On March 25, 1893 the town voted to buy the Middleborough Gas and Electric Company. The town Treasurer was empowered to issue bonds for $75,000 called the Municipal Lighting Bonds. This research will only investigate the electric portion of this purchase. By 1894 there were 101 electric customers. The electric plant had two arc machines running 103 street lights, one 600 light alternator, and one 150 horsepower steam engine all run by the two water wheels on the Nemasket River. The street lights were not lit during moonlit nights, so a petition was submitted to the Light Commission asking that the lights be turned on at least during the early evening, before the moon came out. On all other nights, except in the business section of town, lights were turned off at midnight. It was not until about 1917 that lights were allowed to burn all night whether the moon was out or not. The plant was not operated twenty-four hours while using all water power. This posed a problem for a varnish business on East Grove Street that used electricity to heat kettles of varnish. The electric plant would start up the water wheels for one or two hours during the daytime to accommodate the varnish manufacturer. It was not until 1908 that electricity was furnished in the daytime.
To help the flow of the water to the water wheels men would wade the river during August of each year and mow the weeds from the edge of the banks with scythes. The gatehouse erected at the mouth of the river often kept the water level so low that it affected the operation of the electric light plant. For that reason a suit was filed against the city of New Bedford in 1903 for putting a controlling device at the outlet of Quittacas in Pocksha Pond which affected the flow of water into the Nemasket River cutting power to the light plant. In 1906 the case was settled in court with $6,800 awarded to Middleborough. A similar suit against the city of Taunton was won and Middleborough was awarded $2,000. In 1906 the case was brought up again with a finding of $1,200 to Middleborough, but the town asked for a jury trial. The Superior Court Jury awarded $12,250 to Middleborough in 1907, but Judge King ruled the sum excessive, and instructed the town to accept $3,500 in thirty days. The town refused and the case was again before the jury. After the verdict awarded $13,241 to Middleborough. Taunton filed 27 objections. In 1909 the full bench of the Superior Court passed its opinion ordering the judgment on the verdict of the jury with interest and costs totaling $13,886.46. But $7,925 with counsel fees and other expenses deducted was all that was received from the City of Taunton.
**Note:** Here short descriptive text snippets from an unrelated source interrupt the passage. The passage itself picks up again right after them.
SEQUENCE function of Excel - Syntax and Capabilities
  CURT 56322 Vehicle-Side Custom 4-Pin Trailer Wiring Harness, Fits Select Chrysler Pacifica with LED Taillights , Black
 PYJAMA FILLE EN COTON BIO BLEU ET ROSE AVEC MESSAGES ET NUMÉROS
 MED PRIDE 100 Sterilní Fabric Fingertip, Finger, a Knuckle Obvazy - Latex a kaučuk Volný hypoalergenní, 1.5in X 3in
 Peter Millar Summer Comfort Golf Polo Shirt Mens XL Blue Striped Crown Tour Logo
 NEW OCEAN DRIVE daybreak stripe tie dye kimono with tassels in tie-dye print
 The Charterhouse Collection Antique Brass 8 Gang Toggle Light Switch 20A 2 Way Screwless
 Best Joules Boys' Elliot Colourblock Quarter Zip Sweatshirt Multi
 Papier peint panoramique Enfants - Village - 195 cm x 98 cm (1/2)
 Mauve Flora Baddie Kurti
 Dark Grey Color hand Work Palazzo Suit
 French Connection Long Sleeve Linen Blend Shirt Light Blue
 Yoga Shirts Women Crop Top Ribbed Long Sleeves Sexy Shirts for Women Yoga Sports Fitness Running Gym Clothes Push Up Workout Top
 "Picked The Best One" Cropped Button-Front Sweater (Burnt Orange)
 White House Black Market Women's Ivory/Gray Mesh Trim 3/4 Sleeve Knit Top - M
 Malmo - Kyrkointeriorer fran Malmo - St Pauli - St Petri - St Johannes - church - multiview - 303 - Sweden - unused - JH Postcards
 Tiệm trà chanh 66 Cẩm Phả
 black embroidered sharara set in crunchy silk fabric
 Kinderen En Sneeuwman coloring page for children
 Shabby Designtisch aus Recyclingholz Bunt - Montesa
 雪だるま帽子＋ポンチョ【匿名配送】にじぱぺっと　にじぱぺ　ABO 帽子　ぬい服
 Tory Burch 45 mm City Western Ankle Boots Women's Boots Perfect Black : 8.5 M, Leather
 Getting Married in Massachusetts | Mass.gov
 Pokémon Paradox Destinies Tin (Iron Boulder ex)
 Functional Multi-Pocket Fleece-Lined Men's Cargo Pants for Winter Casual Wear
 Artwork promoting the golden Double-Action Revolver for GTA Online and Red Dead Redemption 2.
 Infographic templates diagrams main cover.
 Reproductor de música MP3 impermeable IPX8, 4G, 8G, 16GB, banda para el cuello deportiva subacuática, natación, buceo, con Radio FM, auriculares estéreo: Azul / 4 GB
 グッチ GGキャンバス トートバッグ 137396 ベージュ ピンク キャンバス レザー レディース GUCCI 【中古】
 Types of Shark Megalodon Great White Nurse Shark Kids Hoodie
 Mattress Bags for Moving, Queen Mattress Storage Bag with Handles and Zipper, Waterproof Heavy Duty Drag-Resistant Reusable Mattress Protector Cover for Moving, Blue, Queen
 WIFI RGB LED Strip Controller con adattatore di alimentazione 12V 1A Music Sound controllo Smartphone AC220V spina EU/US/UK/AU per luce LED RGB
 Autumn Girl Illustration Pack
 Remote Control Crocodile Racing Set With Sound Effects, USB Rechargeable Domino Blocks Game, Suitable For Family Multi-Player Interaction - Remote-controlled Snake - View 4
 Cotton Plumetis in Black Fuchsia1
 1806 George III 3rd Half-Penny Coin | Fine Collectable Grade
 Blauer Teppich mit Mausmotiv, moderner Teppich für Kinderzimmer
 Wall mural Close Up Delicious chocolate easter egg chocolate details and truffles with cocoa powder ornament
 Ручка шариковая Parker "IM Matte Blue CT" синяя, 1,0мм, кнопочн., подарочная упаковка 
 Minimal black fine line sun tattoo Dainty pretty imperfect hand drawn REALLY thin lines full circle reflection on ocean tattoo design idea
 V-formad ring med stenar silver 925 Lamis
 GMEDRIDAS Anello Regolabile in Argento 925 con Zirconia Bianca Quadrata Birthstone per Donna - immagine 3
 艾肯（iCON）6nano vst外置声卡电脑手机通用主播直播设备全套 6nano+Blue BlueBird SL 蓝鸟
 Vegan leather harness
A newspaper item in 1903 stated the plant was $15.71 ahead of the previous year. Money from the plant would be used to benefit the town. But in 1906 the people became dissatisfied with the plant. A committee brought in a consulting engineer to study the possibilities of improvement. The recommendation was that $20,000 be appropriated for two gas engines to improve electric service. Water power continued in use as evidenced by the April 19, 1916 town meeting vote that "the Municipal Light Commissioners contracted with the Plymouth Electric Company to furnish Middleborough all the electricity required, with the exemption of that produced by water power, for a period of five years." During this same years, service was expanded into the town of Lakeville.
In the early years, the electric light plant was administered by three members elected by the voters. Later the Selectmen served as the Lighting Board. In the 1980's the board returned to five members elected by the voters. Although today's power is purchased from neighboring electric companies at wholesale prices and redistributed to customers through a switchboard at the local station, this same original station once had the Nemasket River to thank for its power.